■ **WHAT THIS TASK INVOLVES**
Your task is to copy each line of the listing that contains the word "Glas".

■ **RECORDS PROVIDED**
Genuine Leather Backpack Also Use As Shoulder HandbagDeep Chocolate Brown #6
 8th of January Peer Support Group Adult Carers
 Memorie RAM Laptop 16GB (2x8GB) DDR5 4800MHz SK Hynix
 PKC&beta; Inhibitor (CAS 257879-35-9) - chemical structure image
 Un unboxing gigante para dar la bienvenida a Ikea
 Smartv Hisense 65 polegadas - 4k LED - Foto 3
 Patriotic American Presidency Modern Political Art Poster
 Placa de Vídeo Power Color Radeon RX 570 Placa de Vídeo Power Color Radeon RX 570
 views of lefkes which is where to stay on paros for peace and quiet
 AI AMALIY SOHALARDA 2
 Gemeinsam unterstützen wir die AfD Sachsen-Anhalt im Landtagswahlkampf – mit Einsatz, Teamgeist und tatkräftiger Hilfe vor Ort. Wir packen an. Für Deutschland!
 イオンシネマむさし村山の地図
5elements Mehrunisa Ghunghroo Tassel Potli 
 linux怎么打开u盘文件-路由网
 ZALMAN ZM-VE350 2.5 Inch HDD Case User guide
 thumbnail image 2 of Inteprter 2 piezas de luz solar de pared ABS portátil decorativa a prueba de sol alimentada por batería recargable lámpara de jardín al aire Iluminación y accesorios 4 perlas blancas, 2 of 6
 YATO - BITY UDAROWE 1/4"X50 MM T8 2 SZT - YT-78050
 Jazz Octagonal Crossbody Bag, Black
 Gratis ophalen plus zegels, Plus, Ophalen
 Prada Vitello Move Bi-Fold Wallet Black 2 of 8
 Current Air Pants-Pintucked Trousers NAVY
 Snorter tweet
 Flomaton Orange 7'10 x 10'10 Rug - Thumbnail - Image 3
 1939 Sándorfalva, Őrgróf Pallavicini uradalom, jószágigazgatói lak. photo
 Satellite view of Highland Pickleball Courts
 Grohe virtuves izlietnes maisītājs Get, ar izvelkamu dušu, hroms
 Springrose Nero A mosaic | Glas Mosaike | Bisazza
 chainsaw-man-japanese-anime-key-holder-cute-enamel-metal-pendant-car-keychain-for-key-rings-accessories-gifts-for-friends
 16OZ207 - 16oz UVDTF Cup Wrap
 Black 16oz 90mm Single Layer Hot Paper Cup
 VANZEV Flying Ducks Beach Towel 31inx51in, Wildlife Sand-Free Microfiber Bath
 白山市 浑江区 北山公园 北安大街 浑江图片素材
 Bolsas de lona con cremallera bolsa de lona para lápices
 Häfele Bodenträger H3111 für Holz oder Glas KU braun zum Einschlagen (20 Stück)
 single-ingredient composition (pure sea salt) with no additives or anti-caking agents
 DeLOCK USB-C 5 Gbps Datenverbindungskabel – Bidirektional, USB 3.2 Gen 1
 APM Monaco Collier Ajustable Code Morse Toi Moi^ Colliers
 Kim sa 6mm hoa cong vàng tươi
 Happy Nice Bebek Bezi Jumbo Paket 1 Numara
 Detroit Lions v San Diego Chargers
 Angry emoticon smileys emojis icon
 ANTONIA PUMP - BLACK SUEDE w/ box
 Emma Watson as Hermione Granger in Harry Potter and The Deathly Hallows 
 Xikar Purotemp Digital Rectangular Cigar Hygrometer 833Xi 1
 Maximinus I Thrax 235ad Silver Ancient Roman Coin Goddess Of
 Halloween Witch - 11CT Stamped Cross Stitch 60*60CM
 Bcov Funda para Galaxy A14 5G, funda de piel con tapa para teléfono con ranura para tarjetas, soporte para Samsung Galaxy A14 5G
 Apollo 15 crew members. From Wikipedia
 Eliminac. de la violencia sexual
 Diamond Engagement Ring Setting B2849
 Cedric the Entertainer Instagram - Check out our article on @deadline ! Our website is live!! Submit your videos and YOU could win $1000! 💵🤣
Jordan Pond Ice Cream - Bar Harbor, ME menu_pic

■ **SOLUTION TO THE PROBLEM**
 Springrose Nero A mosaic | Glas Mosaike | Bisazza
 Häfele Bodenträger H3111 für Holz oder Glas KU braun zum Einschlagen (20 Stück)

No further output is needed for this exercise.